| Aim of the task |
Range to reproduce from the entries below: the line with "UNKNOWN PLANET Off-Shoulder Knit Top White", the line with "Saisir !!! - Napoléon", and every line in between. Give them exactly and give nothing else.

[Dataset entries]
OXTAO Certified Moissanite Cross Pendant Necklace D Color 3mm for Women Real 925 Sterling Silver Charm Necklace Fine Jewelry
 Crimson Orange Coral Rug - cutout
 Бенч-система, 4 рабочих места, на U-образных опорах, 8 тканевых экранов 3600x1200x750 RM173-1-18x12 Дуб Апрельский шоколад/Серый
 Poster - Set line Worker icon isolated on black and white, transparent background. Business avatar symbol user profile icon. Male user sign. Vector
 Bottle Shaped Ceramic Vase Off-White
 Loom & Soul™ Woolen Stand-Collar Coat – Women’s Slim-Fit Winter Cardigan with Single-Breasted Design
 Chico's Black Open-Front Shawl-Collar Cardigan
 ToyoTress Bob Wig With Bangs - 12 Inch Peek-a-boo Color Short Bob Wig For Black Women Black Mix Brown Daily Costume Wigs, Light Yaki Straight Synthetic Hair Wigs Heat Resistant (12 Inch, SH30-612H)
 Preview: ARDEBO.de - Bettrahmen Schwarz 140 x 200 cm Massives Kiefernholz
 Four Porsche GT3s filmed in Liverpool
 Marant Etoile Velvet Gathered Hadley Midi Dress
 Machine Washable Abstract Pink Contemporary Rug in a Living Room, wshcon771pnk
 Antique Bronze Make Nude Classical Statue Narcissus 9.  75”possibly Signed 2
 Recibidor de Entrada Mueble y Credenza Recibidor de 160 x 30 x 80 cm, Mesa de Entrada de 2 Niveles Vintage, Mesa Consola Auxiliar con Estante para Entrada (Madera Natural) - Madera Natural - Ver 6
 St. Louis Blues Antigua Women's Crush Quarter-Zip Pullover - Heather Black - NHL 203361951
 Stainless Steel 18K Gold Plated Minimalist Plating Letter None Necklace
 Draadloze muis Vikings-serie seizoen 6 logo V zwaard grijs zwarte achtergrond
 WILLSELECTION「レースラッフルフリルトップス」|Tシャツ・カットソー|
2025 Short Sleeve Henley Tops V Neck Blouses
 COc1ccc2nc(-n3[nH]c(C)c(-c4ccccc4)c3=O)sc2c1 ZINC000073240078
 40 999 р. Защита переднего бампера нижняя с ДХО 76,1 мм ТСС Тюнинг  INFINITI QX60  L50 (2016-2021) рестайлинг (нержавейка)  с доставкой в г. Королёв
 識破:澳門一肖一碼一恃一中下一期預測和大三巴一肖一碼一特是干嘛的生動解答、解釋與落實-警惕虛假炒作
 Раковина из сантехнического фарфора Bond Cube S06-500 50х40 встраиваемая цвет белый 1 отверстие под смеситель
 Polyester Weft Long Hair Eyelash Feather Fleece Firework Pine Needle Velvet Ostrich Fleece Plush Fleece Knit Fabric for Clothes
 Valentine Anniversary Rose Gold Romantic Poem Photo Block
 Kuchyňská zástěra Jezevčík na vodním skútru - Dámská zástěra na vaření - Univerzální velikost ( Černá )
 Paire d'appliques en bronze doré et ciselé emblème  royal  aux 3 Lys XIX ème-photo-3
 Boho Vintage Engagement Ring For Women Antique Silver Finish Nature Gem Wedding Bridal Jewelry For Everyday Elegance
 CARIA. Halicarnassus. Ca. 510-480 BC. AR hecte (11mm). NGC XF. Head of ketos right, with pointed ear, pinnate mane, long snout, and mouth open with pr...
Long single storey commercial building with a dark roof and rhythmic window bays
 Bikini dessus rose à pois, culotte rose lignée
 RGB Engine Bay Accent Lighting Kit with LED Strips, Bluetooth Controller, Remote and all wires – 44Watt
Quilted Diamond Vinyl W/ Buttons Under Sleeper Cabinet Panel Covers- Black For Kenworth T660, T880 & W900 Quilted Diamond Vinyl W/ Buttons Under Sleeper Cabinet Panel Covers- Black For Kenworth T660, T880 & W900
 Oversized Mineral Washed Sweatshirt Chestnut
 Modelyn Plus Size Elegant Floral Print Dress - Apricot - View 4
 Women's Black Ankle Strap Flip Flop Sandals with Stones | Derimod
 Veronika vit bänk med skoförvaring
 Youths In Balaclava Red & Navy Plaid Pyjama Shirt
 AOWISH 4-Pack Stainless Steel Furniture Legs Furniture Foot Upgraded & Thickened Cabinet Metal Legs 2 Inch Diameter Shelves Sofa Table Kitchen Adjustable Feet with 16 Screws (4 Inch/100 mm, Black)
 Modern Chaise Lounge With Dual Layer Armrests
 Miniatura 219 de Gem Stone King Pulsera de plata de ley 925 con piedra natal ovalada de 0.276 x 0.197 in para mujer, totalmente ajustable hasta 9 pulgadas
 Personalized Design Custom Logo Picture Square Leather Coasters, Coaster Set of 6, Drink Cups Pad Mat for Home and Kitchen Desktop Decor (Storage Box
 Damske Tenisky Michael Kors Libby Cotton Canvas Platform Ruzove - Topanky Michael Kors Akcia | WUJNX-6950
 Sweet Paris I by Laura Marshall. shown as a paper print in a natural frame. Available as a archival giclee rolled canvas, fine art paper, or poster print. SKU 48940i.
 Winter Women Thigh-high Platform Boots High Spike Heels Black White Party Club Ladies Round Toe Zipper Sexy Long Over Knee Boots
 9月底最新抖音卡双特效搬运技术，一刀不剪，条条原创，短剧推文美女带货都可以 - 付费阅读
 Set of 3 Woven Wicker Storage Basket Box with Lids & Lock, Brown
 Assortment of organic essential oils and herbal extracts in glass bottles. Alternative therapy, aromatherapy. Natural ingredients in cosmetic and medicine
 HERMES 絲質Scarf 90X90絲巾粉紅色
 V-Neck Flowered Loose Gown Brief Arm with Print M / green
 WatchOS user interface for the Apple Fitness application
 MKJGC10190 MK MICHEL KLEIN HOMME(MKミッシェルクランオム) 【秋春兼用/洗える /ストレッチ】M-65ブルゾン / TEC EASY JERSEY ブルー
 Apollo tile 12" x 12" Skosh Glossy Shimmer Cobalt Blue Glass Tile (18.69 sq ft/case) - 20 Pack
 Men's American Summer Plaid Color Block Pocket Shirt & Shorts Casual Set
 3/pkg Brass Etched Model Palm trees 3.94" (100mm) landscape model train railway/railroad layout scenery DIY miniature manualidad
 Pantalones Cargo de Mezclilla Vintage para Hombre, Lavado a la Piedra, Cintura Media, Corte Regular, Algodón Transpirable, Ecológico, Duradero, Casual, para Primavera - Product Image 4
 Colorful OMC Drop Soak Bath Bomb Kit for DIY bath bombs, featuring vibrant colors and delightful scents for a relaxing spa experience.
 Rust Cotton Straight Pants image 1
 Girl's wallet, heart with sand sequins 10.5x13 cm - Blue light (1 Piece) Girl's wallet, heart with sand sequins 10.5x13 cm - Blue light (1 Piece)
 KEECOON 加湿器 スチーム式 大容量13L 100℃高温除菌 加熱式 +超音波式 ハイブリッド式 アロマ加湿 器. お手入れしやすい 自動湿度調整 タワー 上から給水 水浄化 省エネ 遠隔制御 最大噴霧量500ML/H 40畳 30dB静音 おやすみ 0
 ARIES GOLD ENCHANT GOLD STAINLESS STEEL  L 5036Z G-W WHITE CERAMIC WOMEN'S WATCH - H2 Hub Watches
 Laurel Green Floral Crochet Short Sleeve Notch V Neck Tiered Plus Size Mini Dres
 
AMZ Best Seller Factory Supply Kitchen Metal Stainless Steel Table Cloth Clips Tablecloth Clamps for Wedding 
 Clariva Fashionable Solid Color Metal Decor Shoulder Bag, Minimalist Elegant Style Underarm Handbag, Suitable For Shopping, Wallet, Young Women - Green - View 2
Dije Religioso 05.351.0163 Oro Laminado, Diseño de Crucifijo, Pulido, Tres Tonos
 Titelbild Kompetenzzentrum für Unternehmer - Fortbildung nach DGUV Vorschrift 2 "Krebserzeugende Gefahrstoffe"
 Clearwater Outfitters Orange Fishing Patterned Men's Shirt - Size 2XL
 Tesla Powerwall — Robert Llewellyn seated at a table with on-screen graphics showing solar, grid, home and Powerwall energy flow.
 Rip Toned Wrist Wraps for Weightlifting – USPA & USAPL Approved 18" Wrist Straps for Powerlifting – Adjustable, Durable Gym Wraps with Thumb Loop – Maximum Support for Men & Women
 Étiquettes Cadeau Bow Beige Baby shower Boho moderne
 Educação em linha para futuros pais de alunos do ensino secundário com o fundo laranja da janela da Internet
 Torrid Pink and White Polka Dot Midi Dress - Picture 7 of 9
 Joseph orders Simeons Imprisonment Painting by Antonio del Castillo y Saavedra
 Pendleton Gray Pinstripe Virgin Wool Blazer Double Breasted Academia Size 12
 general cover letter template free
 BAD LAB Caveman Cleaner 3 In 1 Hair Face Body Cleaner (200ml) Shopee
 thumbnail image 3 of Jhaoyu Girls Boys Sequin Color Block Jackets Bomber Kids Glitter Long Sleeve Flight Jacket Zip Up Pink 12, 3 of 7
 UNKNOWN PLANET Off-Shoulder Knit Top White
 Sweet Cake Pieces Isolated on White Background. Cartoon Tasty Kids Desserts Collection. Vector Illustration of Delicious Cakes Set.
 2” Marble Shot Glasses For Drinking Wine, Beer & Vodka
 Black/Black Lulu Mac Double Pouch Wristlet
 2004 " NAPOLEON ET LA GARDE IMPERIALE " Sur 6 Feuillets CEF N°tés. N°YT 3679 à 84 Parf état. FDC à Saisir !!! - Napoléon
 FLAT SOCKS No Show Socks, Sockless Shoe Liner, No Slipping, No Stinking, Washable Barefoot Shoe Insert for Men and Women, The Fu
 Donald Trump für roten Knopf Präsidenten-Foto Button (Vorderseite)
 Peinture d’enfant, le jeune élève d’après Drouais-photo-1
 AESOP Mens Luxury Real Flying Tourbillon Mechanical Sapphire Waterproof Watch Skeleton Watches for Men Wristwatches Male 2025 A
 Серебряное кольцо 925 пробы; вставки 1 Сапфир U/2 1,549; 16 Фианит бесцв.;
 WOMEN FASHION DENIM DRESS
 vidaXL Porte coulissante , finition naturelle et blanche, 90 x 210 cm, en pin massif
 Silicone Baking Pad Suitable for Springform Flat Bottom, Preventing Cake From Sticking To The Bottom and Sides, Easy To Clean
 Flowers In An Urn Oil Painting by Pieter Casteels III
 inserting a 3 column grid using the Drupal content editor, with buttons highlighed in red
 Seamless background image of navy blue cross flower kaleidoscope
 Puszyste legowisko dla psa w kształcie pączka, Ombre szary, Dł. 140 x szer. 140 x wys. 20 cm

| Your solution |
 UNKNOWN PLANET Off-Shoulder Knit Top White
 Sweet Cake Pieces Isolated on White Background. Cartoon Tasty Kids Desserts Collection. Vector Illustration of Delicious Cakes Set.
 2” Marble Shot Glasses For Drinking Wine, Beer & Vodka
 Black/Black Lulu Mac Double Pouch Wristlet
 2004 " NAPOLEON ET LA GARDE IMPERIALE " Sur 6 Feuillets CEF N°tés. N°YT 3679 à 84 Parf état. FDC à Saisir !!! - Napoléon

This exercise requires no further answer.